A JSON list of podcast hosts, and the patterns they use in audio URLs.
If you have the URL of a podcast's audio file, this JSON file will help you work out who the host is; and abilities that host may have that may impact listener privacy.
This data is synched to podcast-privacy.com, which offers an API.
Each podcast host has an image, in optimised .png format. The filename is programmatically calculated from the podcast host's name, in lower case, with non-alphanumeric characters encoded as a "-". Here's our ugly code:
$imageFilename=str_replace(' ','-',str_replace('.','-',strtolower($host['hostname'])));
For now, the simplest way is to add to the file at src/hosts.json
. Each podcast host may have multiple entries, but the URL patterns should be unique.

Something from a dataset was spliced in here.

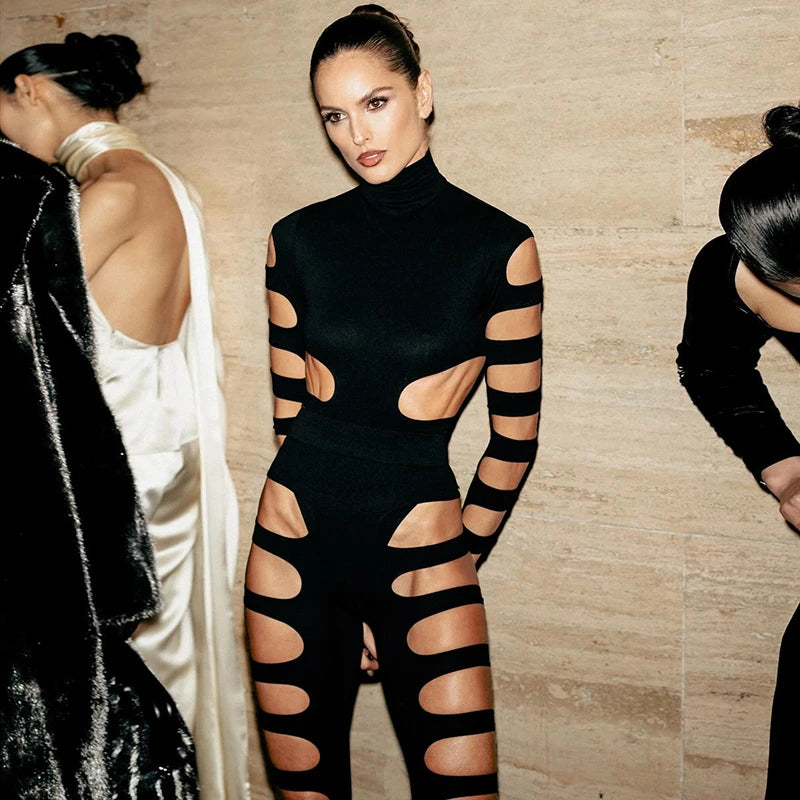 Zwarte Cut-Out Bodysuit Jumpsuit Dames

Each entry must contain the following properties:
-
pattern
: a unique string to spot within the audio URL as viewed in the enclosure (more accurately, within the domain portion of the URL) -
hostname
: a humanly-readable name of the podcast that this is hosted with -
retailer
: a boolean showing whether podcasters can buy hosting on this podcast host (BBC isn't; Libsyn is). -
iab
: a boolean showing whether a podcast host is able to offer IAB Certified Compliant statistics. This does not mean that all statistics from this host are certified compliant. -
abilities_stats
: a boolean showing whether this podcast host uses its logs to provide stats -
abilities_tracking
: a boolean showing whether this podcast host uses its logs to provide tracking and attribution -
abilities_dynamicaudio
: a boolean showing whether this podcast host is capable of dynamic content insertion, used for advertising or content. -
hosturl
: a website link (escaped) that links to the homepage of the podcast host.

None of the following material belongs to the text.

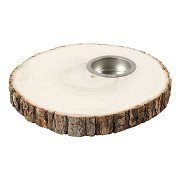 Wooden Disc Tea Light Holder 14-16cm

Each entry can contain the following properties:
-
rss-pattern
: an ADDITIONAL pattern for the RSS URL, to help with cases like LibsynPro which uses the same infrastructure for hosting retail and non-retail shows -
privacyhosturl
: a link to the privacy policy of the podcast host -
notes
: a freeform text link with details of evidence of 'abilities' claims. Ideally, all podcast hosts that have these indicated will have evidence in this field. -
pi-slug
: a freeform text value that is the podcast host slug used by Podcast Index to report who hosts what. Podcast Index lists many more host names.
Podnews uses the below to extract a host's name, and privacy details, in podcast pages (example).

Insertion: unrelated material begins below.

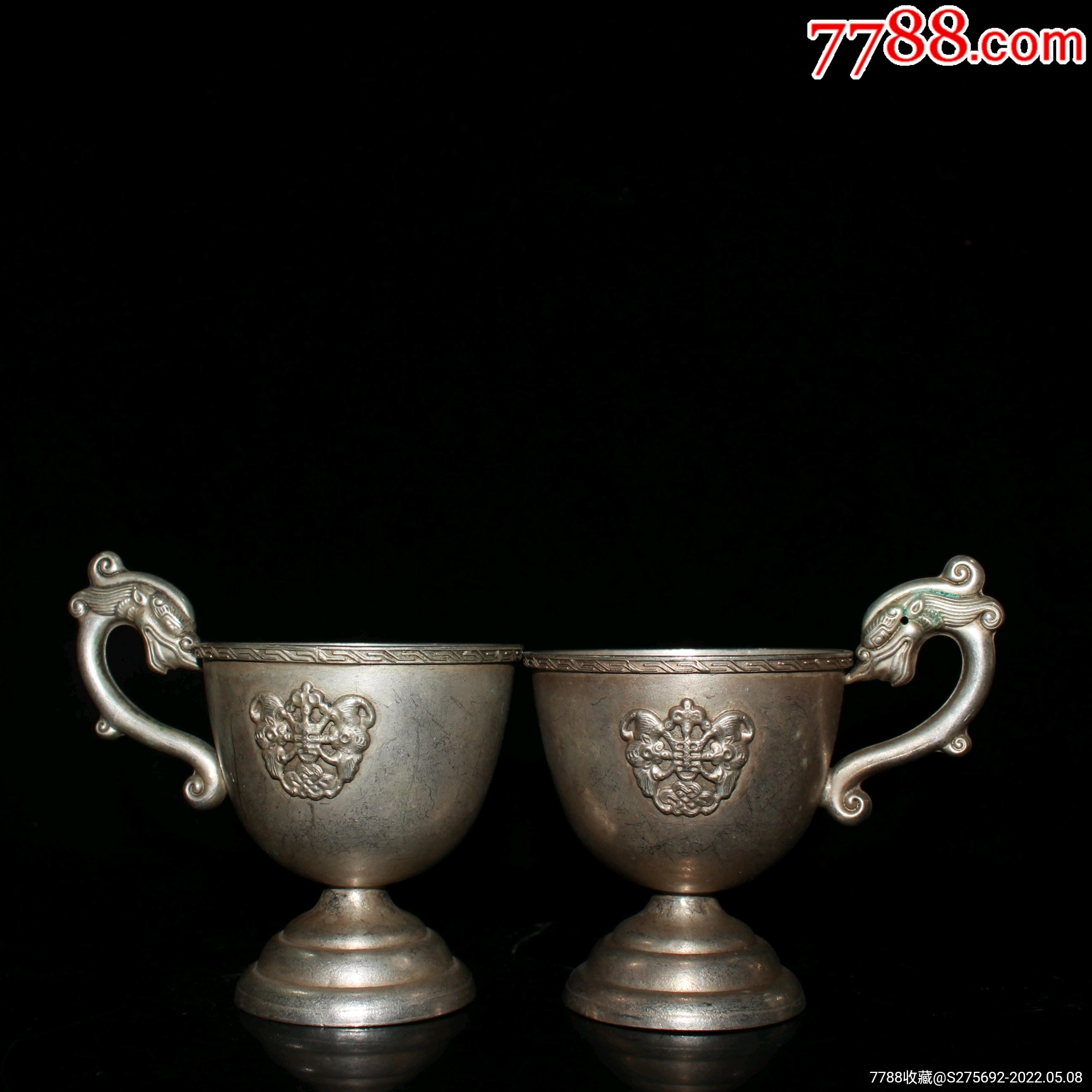 纯白铜酒壶酒杯一套摆件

$stmt = $db->prepare("SELECT * FROM `podcasts-hosts` WHERE (INSTR(:url,pattern) AND INSTR(:rssurl,`rss-pattern`)) OR INSTR(:url,pattern) ORDER BY `rss-pattern` ASC LIMIT 1");
$stmt->execute(array(':url'=>parse_url($podcast['audiourl'],PHP_URL_HOST).parse_url($podcast['audiourl'],PHP_URL_PATH),':rssurl'=>$podcast['feedUrl']));
$host = $stmt->fetch(PDO::FETCH_ASSOC);
(You're recommended to remove the query string, as above).
Improvements are welcome. This list won't adequately spot original hosts via Feedburner or similar, but otherwise will catch most podcasts.